# So I bought this schwinn out of a barn..... newb can't figure out what it is, help!!!



## Nardo (Aug 28, 2011)

Here is a picture of the serial number. I can add more pics, this is the only one I have on the internet now. It has schwinn typhoon tires front and rear, original seat, headtube badge, and chaingaurd is gone, so are the hand grips. Rims look as if they use to be chrome, now all rust. Bike is dark red/marroon with white pinstripes down the fenders and white on the front of the frame and fenders. has semicircular fender brackets, is NOT skiptooth, has a new departure rear hub. Does NOT have a built in kickstand. rear wheel dropout goes up, then towards the rear of the bicycle.  

Best thing about this bike, I bought it out of a barn, covered in bird crap and cob webbs. Brought it home, used an air compressor to fill the tires, expecting them to blow out, but they held air, and still are over a week later!!!! I took apart the bottom bracket and regreased, lubed the chain, and it rides like a dream!!!!

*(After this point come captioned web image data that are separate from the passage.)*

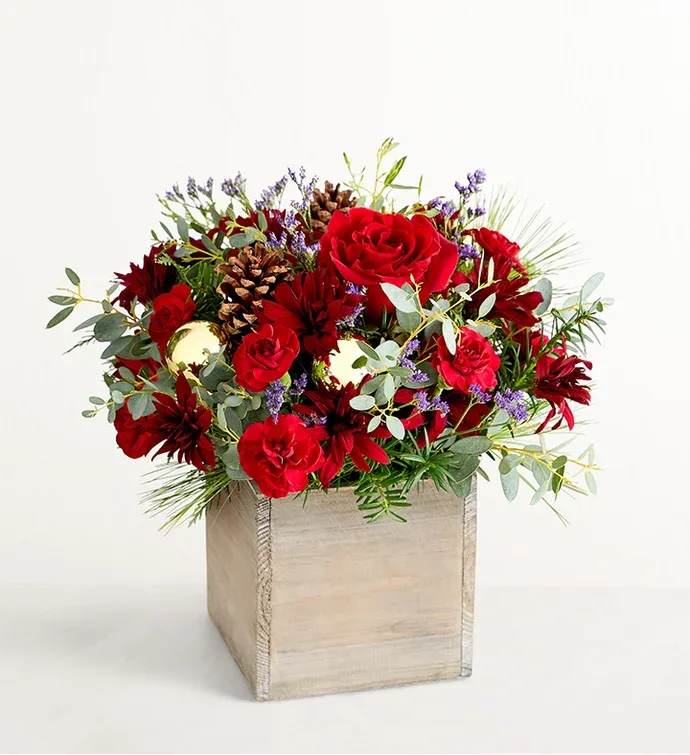 Russet Charm Flowers  - Arrangement of red roses and daisy poms, burgundy mini carnations, purple limonium, and assorted Christmas greenery, accented with pinecone picks and golden ball ornaments Artistically designed in our exclusive gray-washed wooden cube; measures 5.2"L x 5.2"H x 5.2”W Premium arrangement measures approximately 16”H x 16”W Deluxe arrangement measures approximately 15”H x 15”W Standard arrangement measures approximately 14”H x 14”W  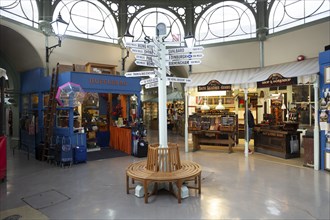 Mile marker of distances to destinations inside Guildhall market, Bath, Somerset, England, UK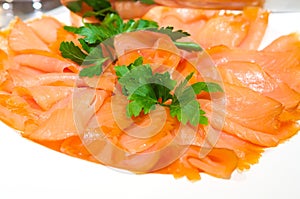 Decadent slices of smoked salmon photo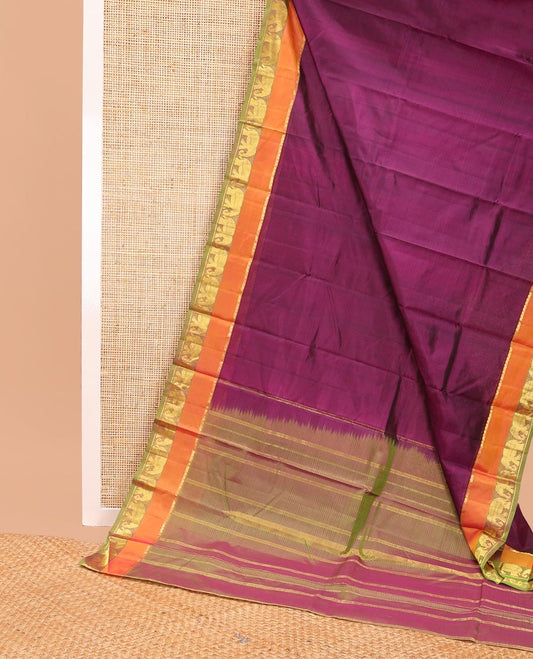 Purple striped kancheepuram silk saree with contrast border of thilakam mokku, yanaai design & zari design pallu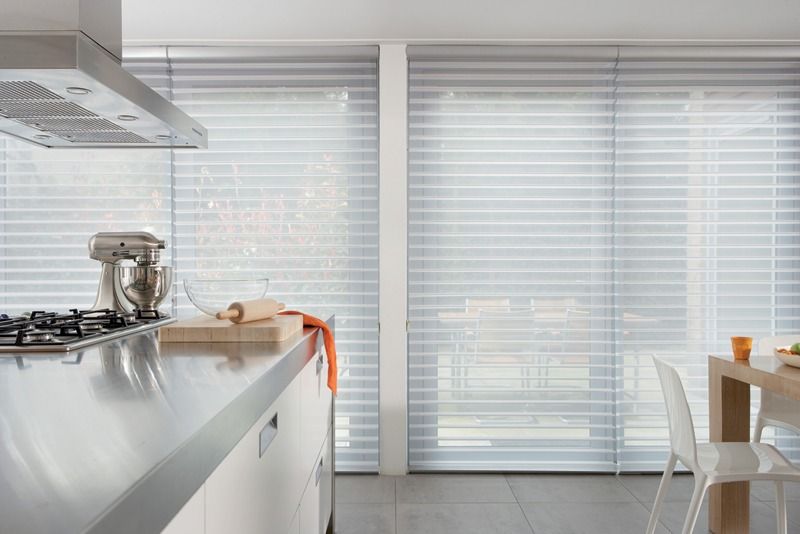 Modern Kitchen With White Countertops, Gas Stove, and Sheer Horizontal Blinds — Whitsunday Vogue Interiors in Cannonvale, QLD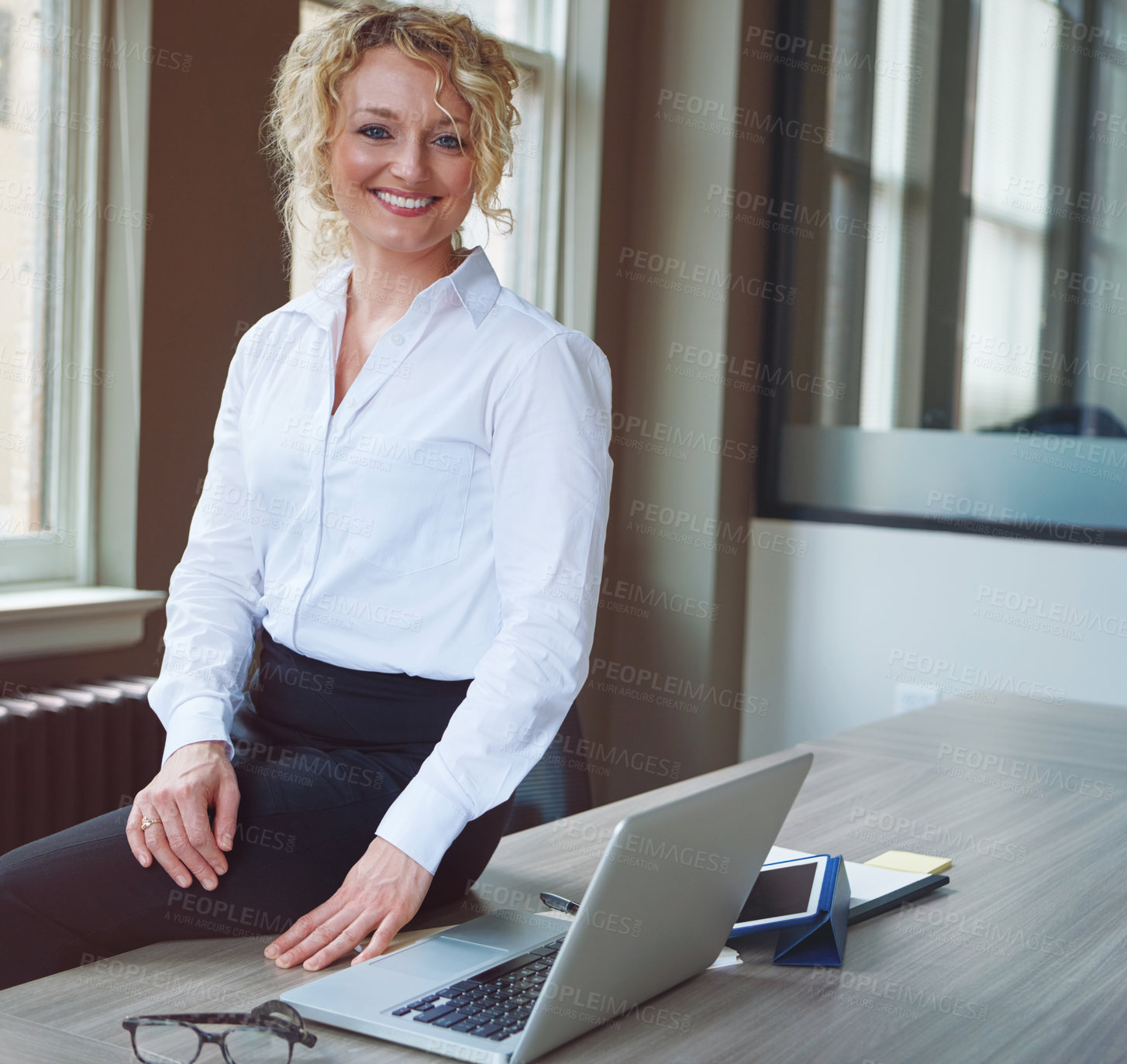 Buy stock photo Portrait of a businesswoman working at her desk in an office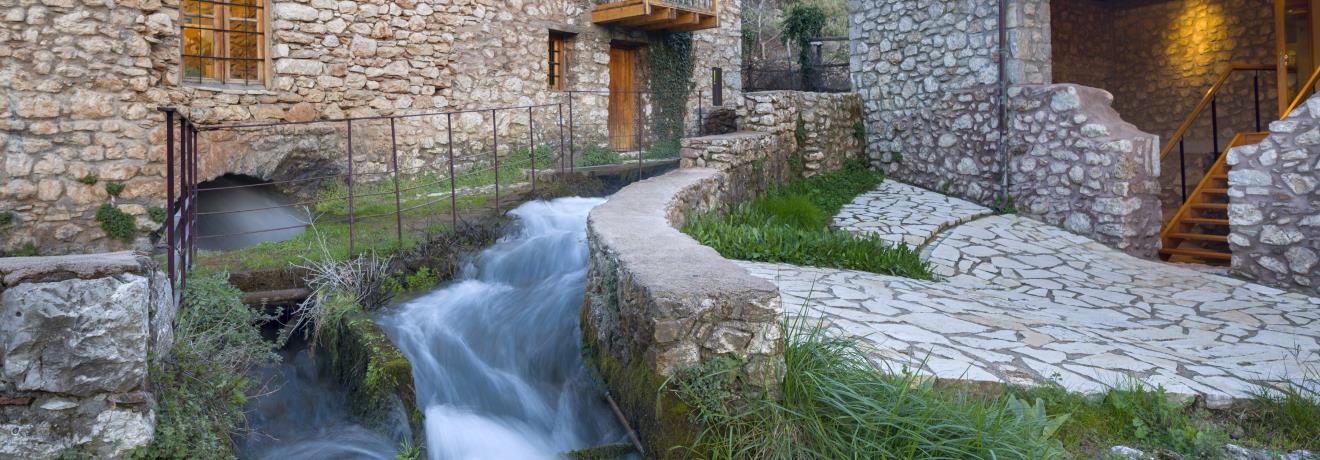 The water exits via the watermill’s flume and flows into the central water channel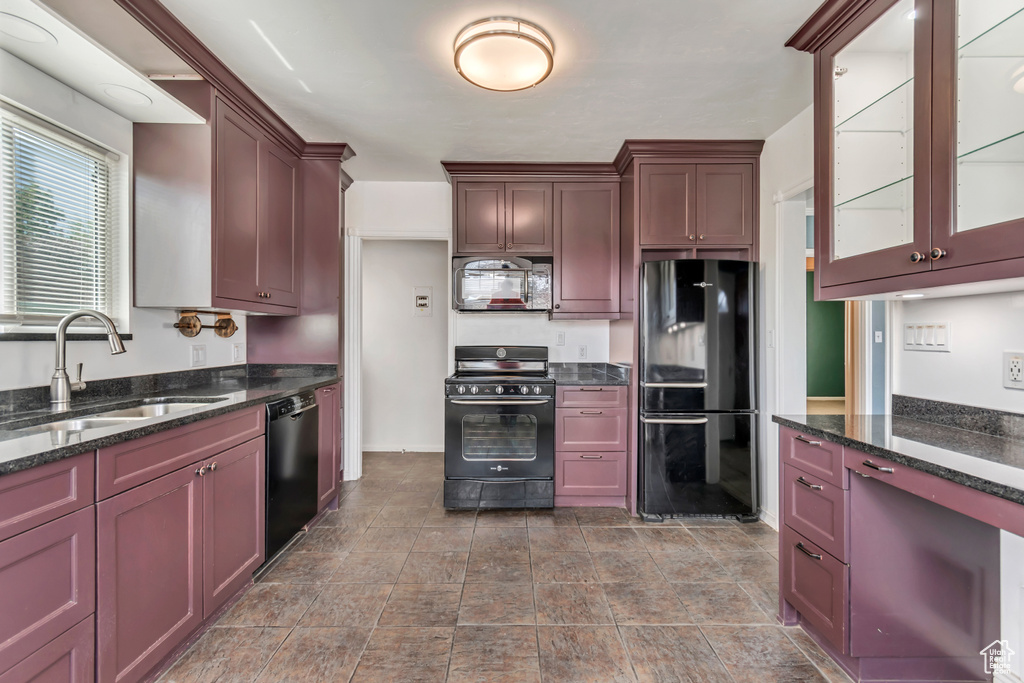 Kitchen featuring black appliances, a sink, glass insert cabinets, dark stone counters, and stone finish floors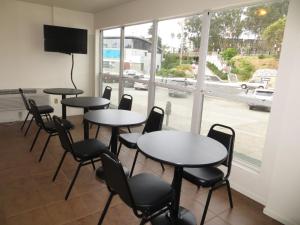 a meeting room with tables and chairs and a window at Beachview Inn in Santa Cruz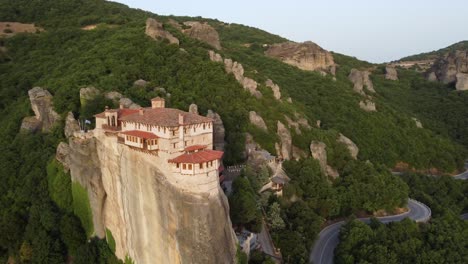 Meteora-Monasteries-in-Greece-at-sunset,-with-Landscape-scenery-and-green-hills,-Aerial-view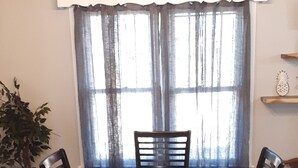 A dining room with a rectangular table, four chairs, a chandelier, a potted plant, and a window with curtains. - The Cam Grady, Restored, roomy, eclectic cottage in heart of Downtown Morganton (Morganton)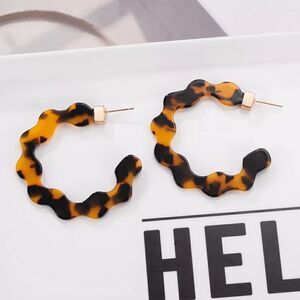 Wavy Resin Hoop Earrings in Dark Brown Tortoiseshell from BaubleBar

Any and all information is greatly appreciated!


----------



## Pedalsnostalgia (Aug 28, 2011)

Pictures Please,   Jeff


----------



## Nardo (Aug 28, 2011)

More to come. Trying this from my phone


----------



## Nardo (Aug 28, 2011)

Looks like its working


----------



## RMS37 (Aug 28, 2011)

Your bike is a Postwar Colson. Based on what is known about Colson serial numbers, it is likely the bike is from 1953 and produced at about the time Colson was selling their bicycle division to Evans.


----------



## Nardo (Aug 28, 2011)

So its not a schwinn at all? Does this mean the tires aren't original either? Anyone have a rough estimate of what its worth? (Should I be riding it, or selling it?)


----------



## island schwinn (Aug 28, 2011)

if i had that,i would clean it up,re-grease everything and ride it.it's a total patina bomb and way cool.you might be surprised how good the rims and chrome will clean up.chrome in those days was pretty bulletproof.
tires are schwinn tires,but if they hold air and aren't cracked too bad,run them.


----------



## Nardo (Aug 28, 2011)

The rust on the rims is pretty thick! But I'm young, what should i use to muscle it off? Does the chaingaurd belong on it?


----------



## Boris (Aug 28, 2011)

I don't know about the chainguard, but you won't be doing any any harm to THOSE rims if you used an SOS or Brillo pad. OR, several people on this site have raved about an environmentally safe product called EVAPO-RUST. I bought a container at Harbor Freight and haven't used it yet, so I can't give you a first hand acount of how good it works. But I've seen before and after photos, and I was impressed. Instructions say to soak overnight, so you may have to soak rims over a period of several days due to the awkward size of the rims. Your rear rim looks borderline (too far gone?), but you never know. Whichever method you choose to clean your rims, be sure put a few coats of wax on ASAP to prevent them from rusting over again right away. OR rather than waxing, you may want to clear coat them. OR some other rust preventative of your choosing.


----------



## militarymonark (Aug 28, 2011)

chainguard is wrong


----------



## Nardo (Aug 28, 2011)

Thank you so much to everyone who has helped!!! This is awesome! Now that i know what I have, I can start looking for the correct parts for it. First thing I need to do is get rid of that horrible seat! Any tips on where to find correct parts would be great too! not much on ebay for colson bikes.  I'd love to get one of those leather springer seats for it!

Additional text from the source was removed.